Wichury w lesie
Kilka minut potężnej nawałnicy wywróciło i połamało setki drzew. – Szacujemy, że na terenie naszego nadleśnictwa mamy 3800 metrów sześciennych złomów i wywrotów. Najgorzej jest w okolicach Karolewa. Będziemy musieli odłożyć planowe wyręby i zająć się usuwaniem zniszczeń. W pierwszej kolejności oczyszczamy drogi. Chcemy to zrobić jak najszybciej ze względu na bezpieczeństwo – mówi Leszek Popowski, nadleśniczy Nadleśnictwa Runowo.

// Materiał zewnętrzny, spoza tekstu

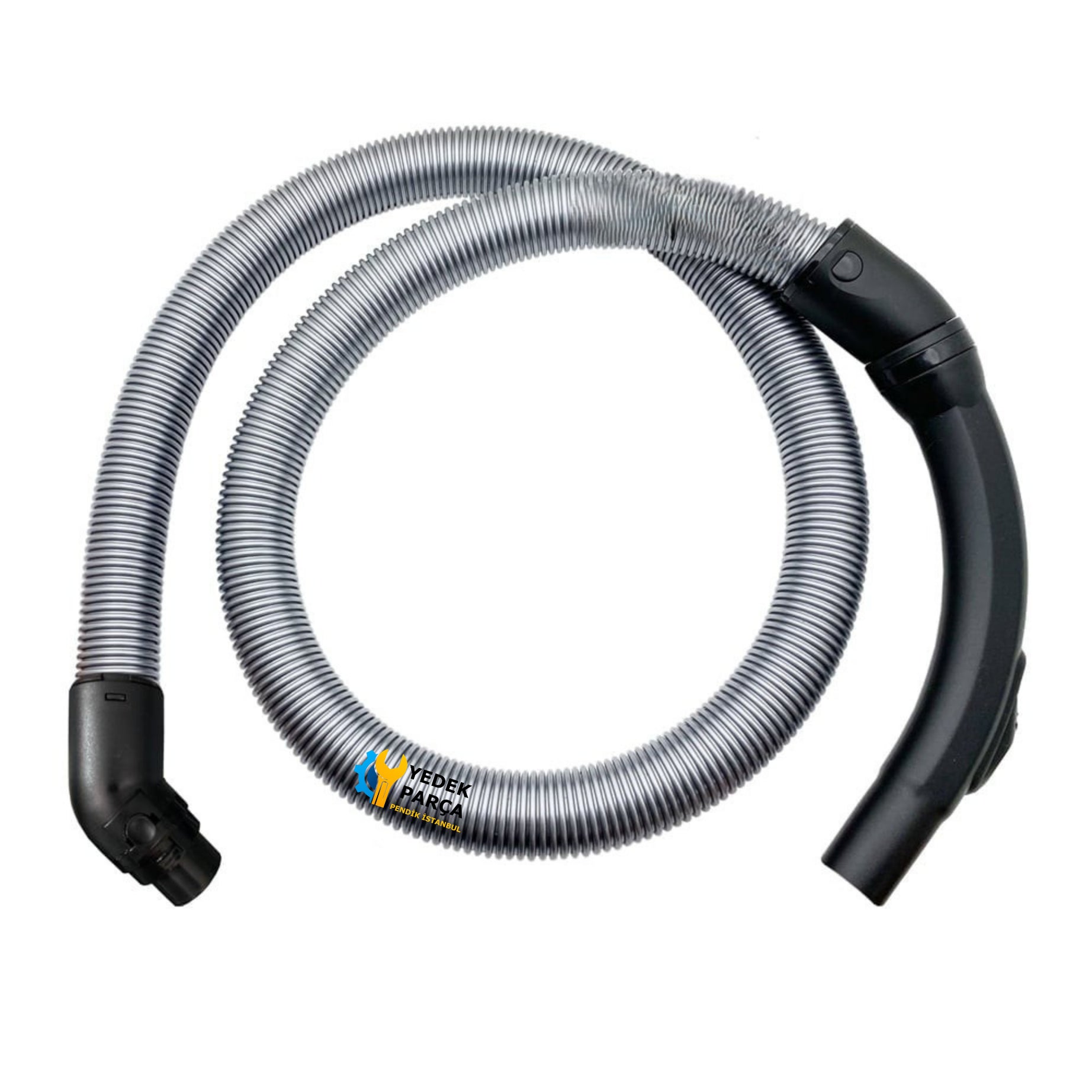 Fantom Uyumlu DC 4300 4 Çeker Süpürge Katlanmaz Dayanıklı Güçlü Hortum Seti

W związku z tą sytuacją nadleśniczy wprowadził zakaz wstępu do lasu na terenie leśnictw: Runowo Młyn, Drzewianowo, Dąbrowice
i Wąwelno. Zakaz nie dotyczy całych leśnictw, tylko niektórych oddziałów leśnych. Chodzi o powierzchnię ponad 400 hektarów. W miejscach, gdzie obowiązuje zakaz, przy wszystkich drogach leśnych wywieszono odpowiednie informacje. Próbowaliśmy ten zakaz złamać w okolicy cmentarza pomordowanych
w Karolewie. Niestety, wszystkie drogi były zatarasowane przewróconymi drzewami. Część połamanych drzew wisi na gałęziach. Wystarczy chwila nieuwagi i takie drzewo może runąć na ziemię.